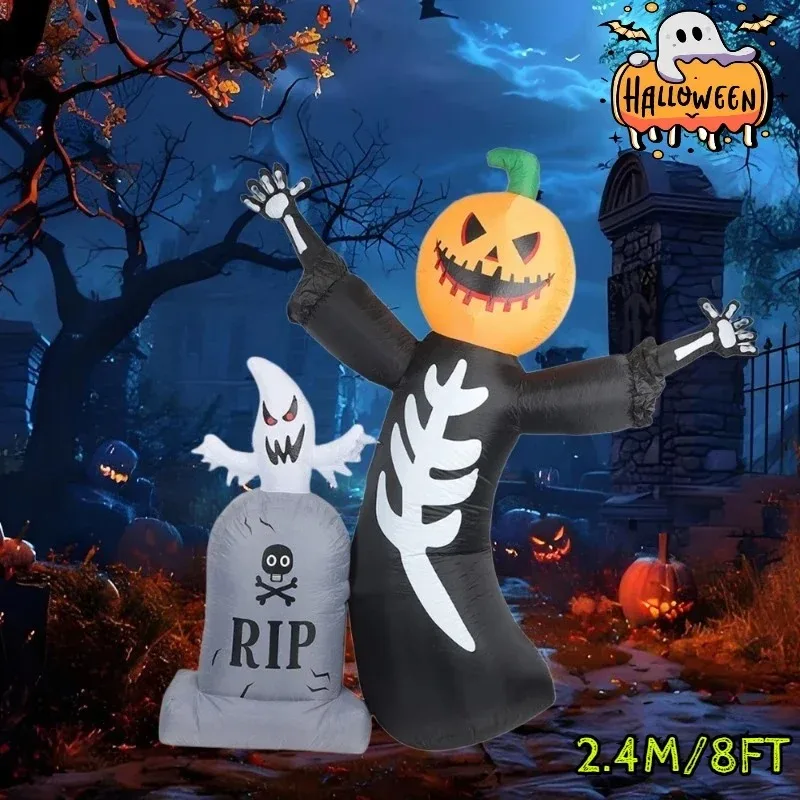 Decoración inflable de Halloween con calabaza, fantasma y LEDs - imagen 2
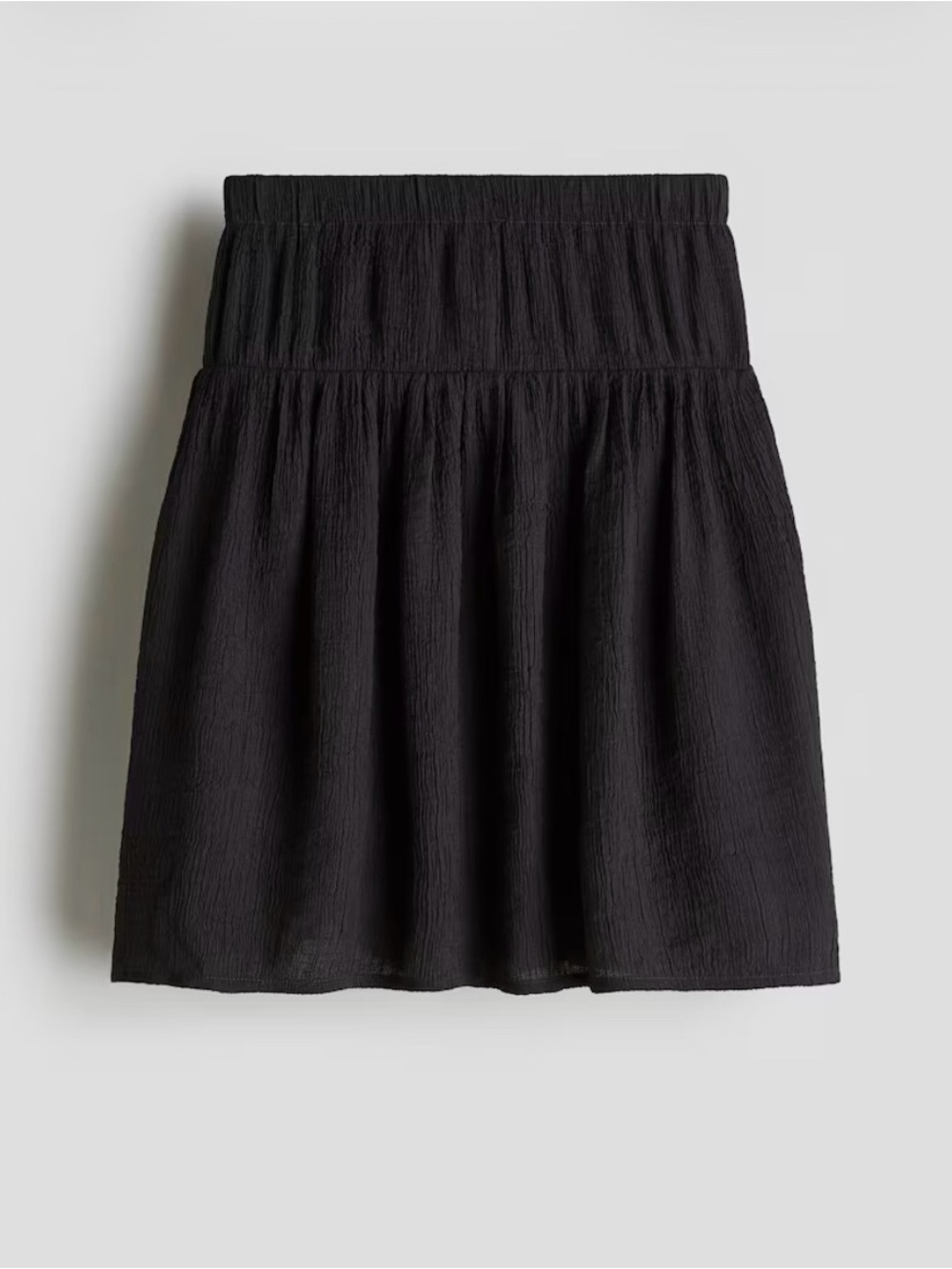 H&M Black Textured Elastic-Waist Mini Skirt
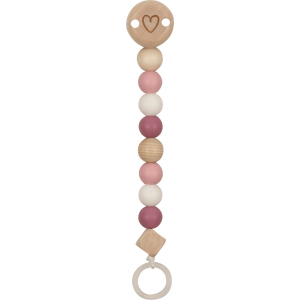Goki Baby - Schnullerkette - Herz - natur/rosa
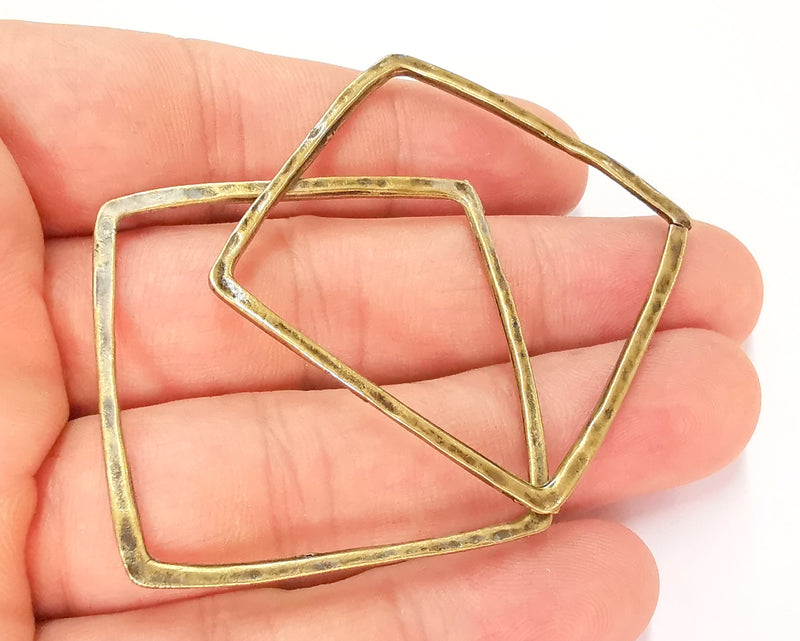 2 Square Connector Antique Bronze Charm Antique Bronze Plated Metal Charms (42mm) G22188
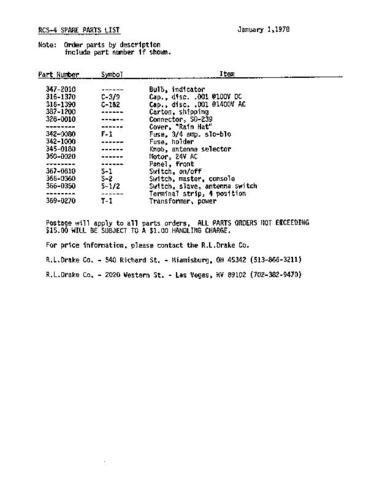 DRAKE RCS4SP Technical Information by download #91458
+ + + +
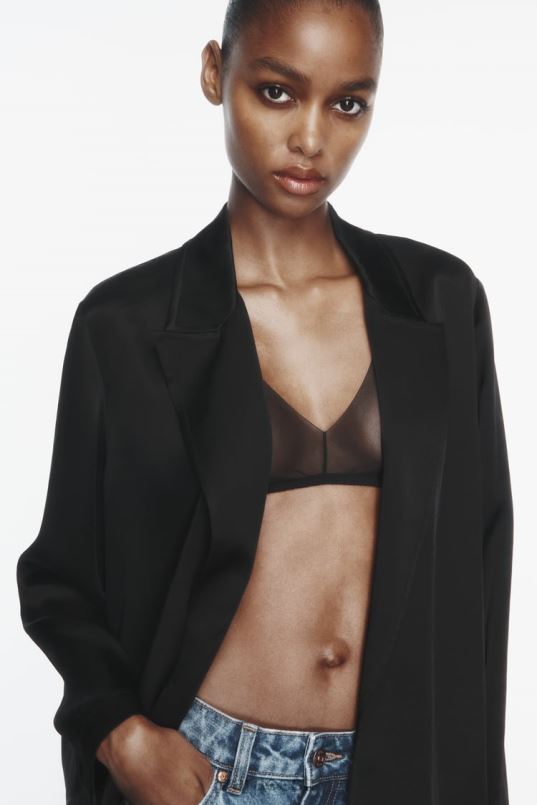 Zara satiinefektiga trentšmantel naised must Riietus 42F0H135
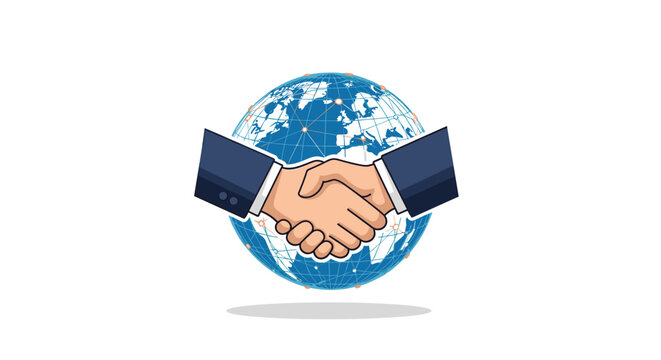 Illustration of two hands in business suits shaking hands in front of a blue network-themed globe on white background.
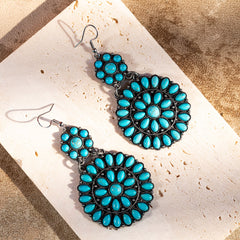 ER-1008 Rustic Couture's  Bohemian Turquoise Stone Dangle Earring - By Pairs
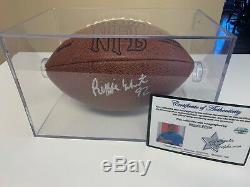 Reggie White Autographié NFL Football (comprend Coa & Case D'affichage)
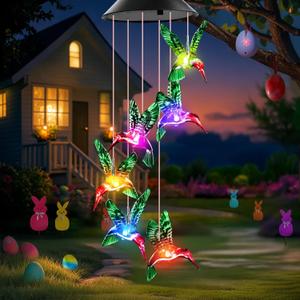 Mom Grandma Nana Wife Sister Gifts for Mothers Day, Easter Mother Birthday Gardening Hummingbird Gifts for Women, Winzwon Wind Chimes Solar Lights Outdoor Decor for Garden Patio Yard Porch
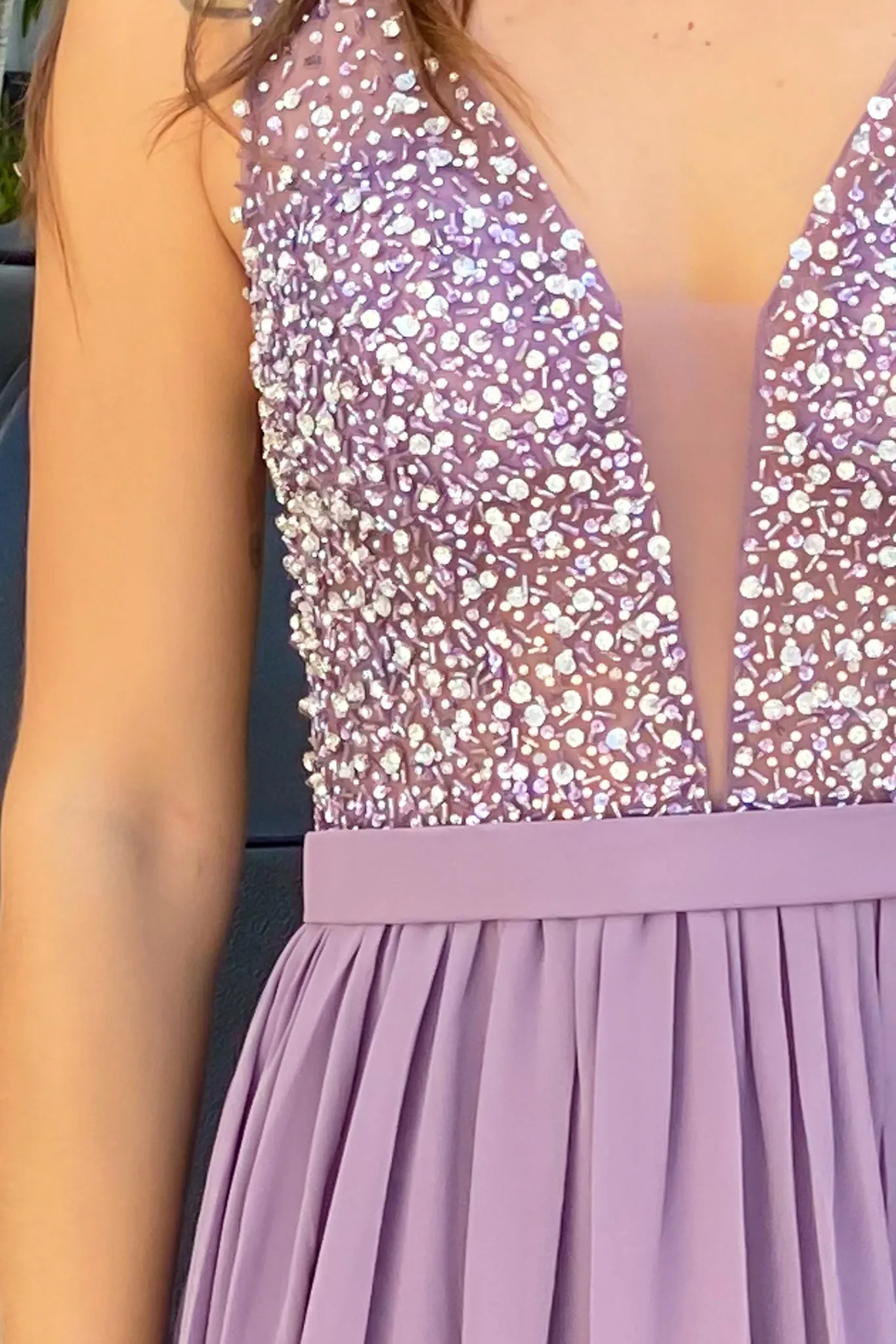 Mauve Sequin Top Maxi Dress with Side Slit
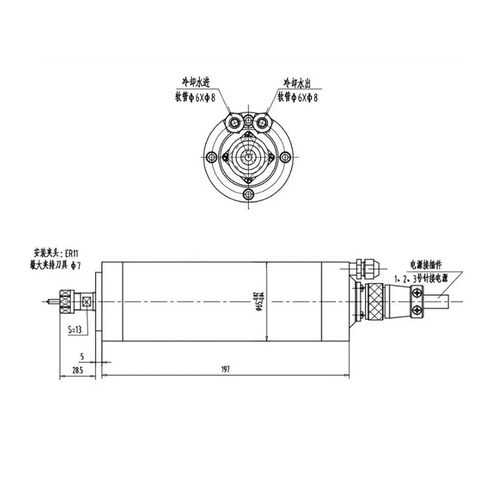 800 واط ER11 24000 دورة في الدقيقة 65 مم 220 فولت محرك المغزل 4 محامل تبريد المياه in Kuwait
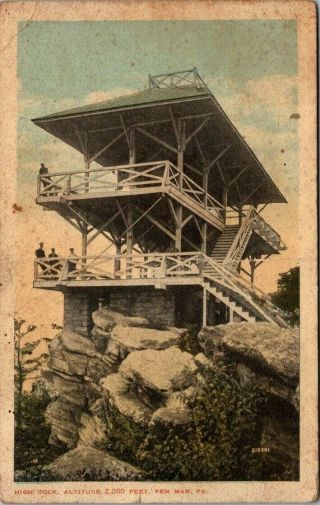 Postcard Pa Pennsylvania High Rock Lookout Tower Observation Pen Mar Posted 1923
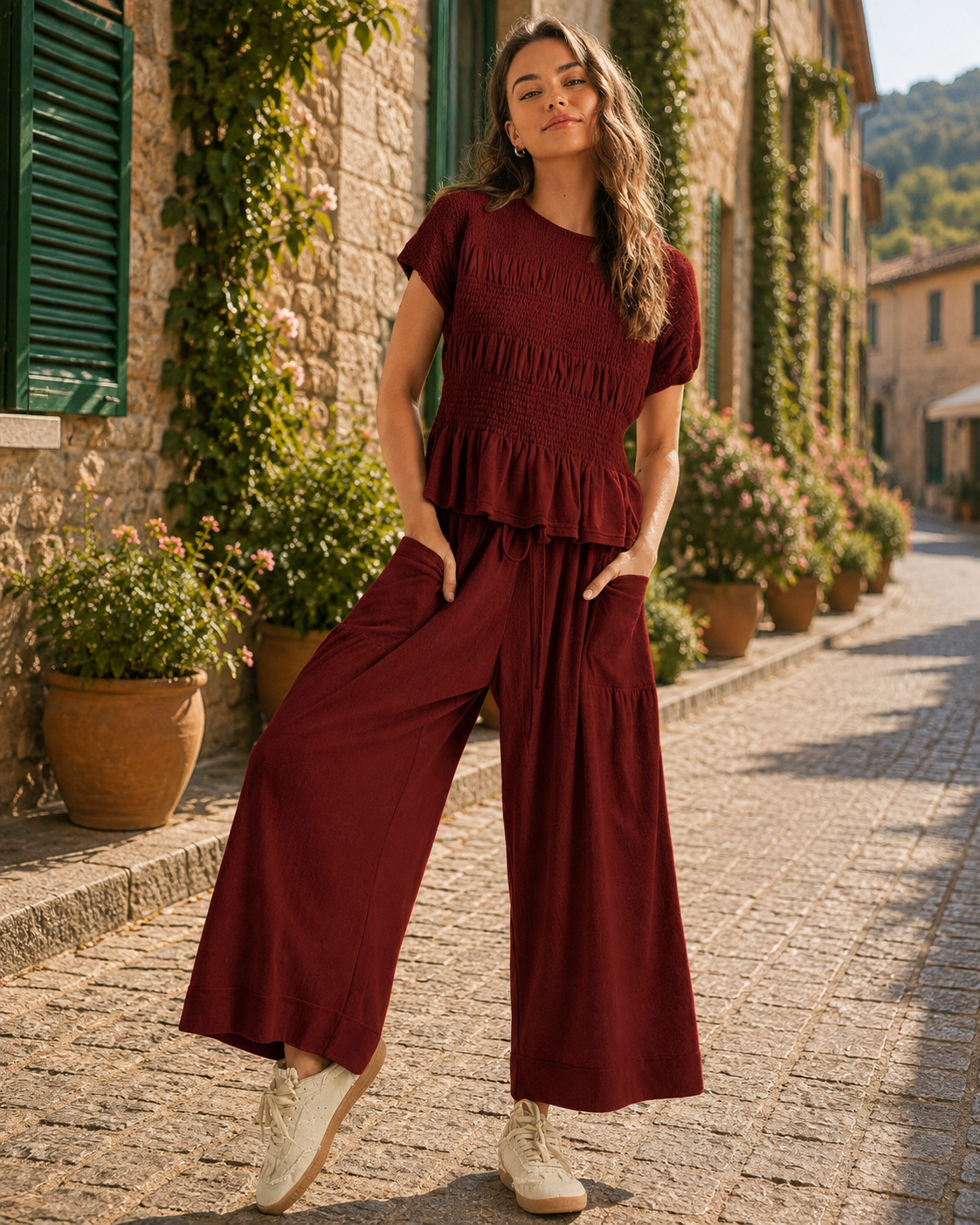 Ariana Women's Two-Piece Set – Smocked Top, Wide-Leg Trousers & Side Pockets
+ + + +
#### WHAT YOU SHOULD DO
Reproduce the data above exactly, but only from the line containing "Decoración inflable de" through the line containing "DRAKE RCS4SP Technical"; skip the pictures.

#### ANSWER FOR THIS EXERCISE
 Decoración inflable de Halloween con calabaza, fantasma y LEDs - imagen 2
 H&M Black Textured Elastic-Waist Mini Skirt
Goki Baby - Schnullerkette - Herz - natur/rosa
 2 Square Connector Antique Bronze Charm Antique Bronze Plated Metal Charms (42mm) G22188
 DRAKE RCS4SP Technical Information by download #91458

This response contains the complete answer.